Es verdaderamente una angustiante lucha campal, una guerra sin cuartel, la que estos marginados seres humanos deben librar diariamente, y en la que casi siempre son muy pocos, o ninguno, los aliados o quienes manifiesten algún tipo de solidaridad ante la miseria que padecen. Sus vidas se reduce y circunscribe, ciertamente, a un eterno querer salir de abajo, en el que ven desfallecer sus fuerzas, y sienten que les abandona el aliento, y sobreviven gracias a las esperanzas, que cifran en medio de su frustración, al pensar que, tal vez, mañana habrá un mejor amanecer, y entonces, quizás, podrán meter sus pies debajo de la mesa y tener frente a ellos el ansiado pan nuestro de cada día.
Pero, su bella y quimérica ilusión, se desvanecen, tan pronto ven asomar el sol, porque su hoy es una copia fiel de su ayer, en que tendrán que dar los mismos tumbos y zarpasos, en busca de mitigar su espantosa desnudez, y otras tantas carencias, que convierten su existencia en un insoportable laberinto sin salida que le imposibilita nueva vez, su añorado y más que esperado encuentro con el pan nuestro de cada día.

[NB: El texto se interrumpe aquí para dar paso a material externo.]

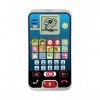 VTech 3480 - 139322, Smartphone Jouet éducatif pour Enfants [Espagnol]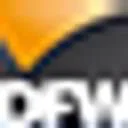 Logo DFW International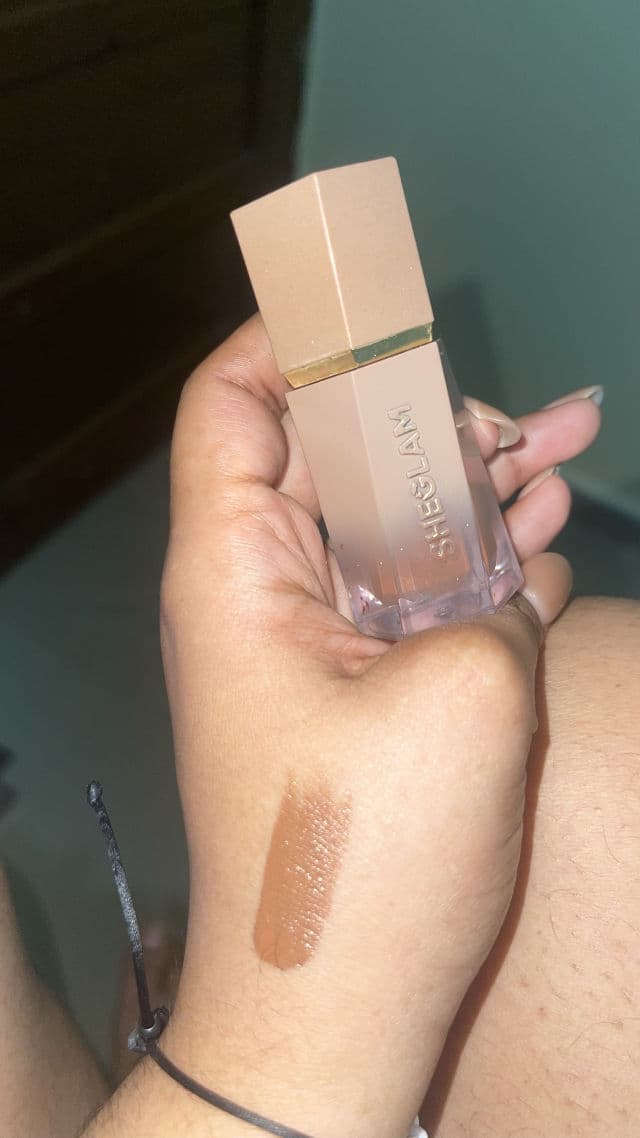 SHEGLAM Soft Tan review photo by estemmhola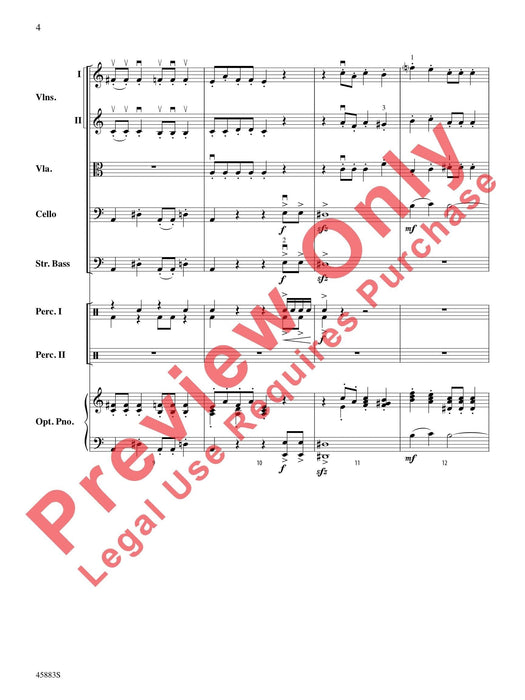 Secret Agent Sugar Plum 柴科夫斯基,彼得 | 小雅音樂 Hsiaoya Music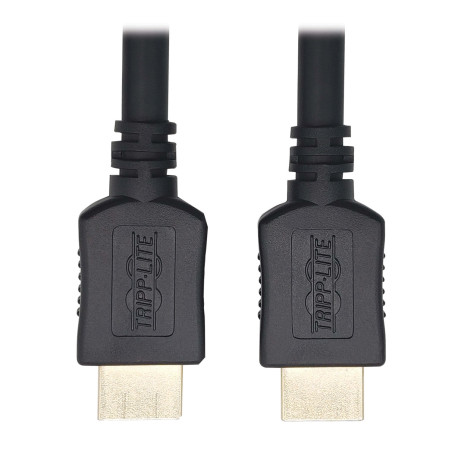 Kábel HDMI 8K 60Hz, Dynamic HDR, 4:4:4, HDCP 2.2, čierna, 1.83m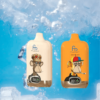 Fumot Vape 12000 Puff Vape Factory Direct Sales - Image 8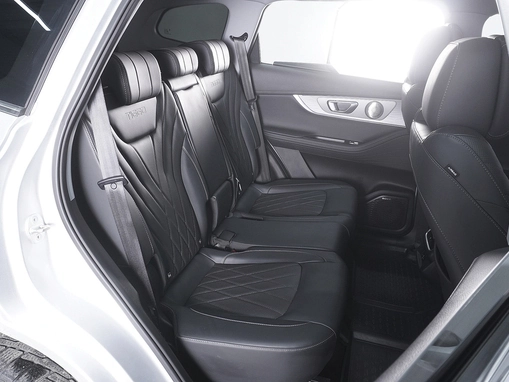 Chery Tiggo 8 Pro Max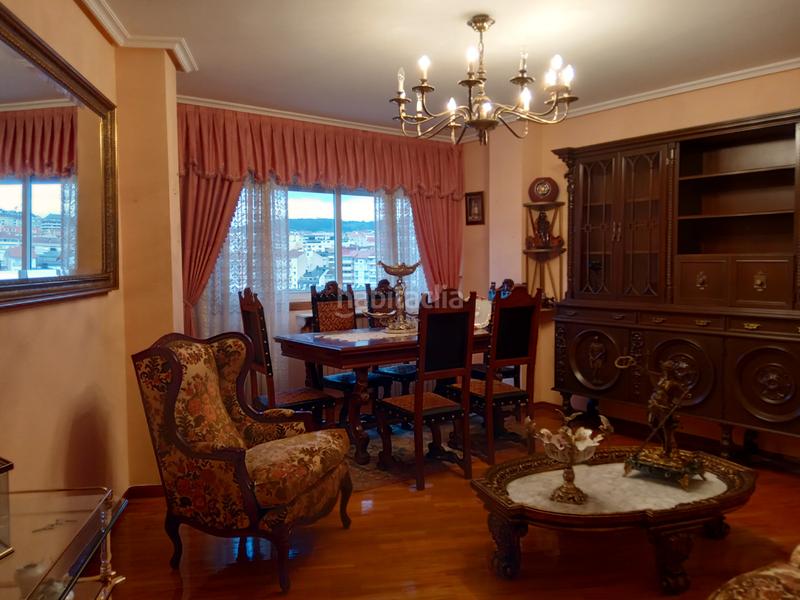 Foto 39eb5f84-096b-40b8-9c54-ed8b6c2d21b7. Appartement avec chauffage parking dans Couto Ourense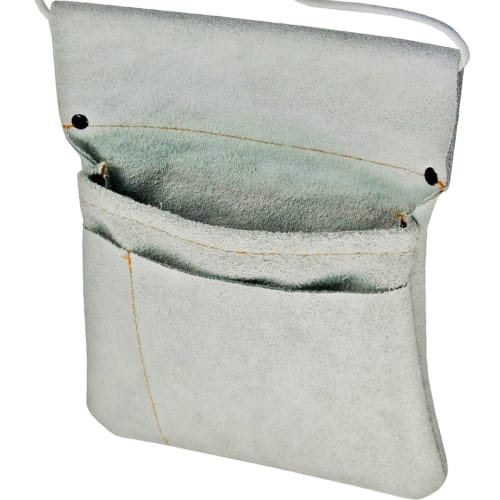 KONYO Forza Leather Nail Bag Large FZ-301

Ese pan nuestro de cada día, con el que andan en sus bolsillos y han convertido en majestuosas residencias, villas y casas de campo, así como en los más lujosos y modernos vehículos, una gran cantidad de nuestros exponentes políticos y uno que otros seudos empresarios, que junto a otras figuras, amparadas en la connivencia y la impunidad, han desfalcado el erario público, y le han robado el pan nuestro de cada día, a miles y miles de dominicanos y dominicanas, se acuestan cada noche boca abajo, porque, según dicen, así, el hambre se siente menos.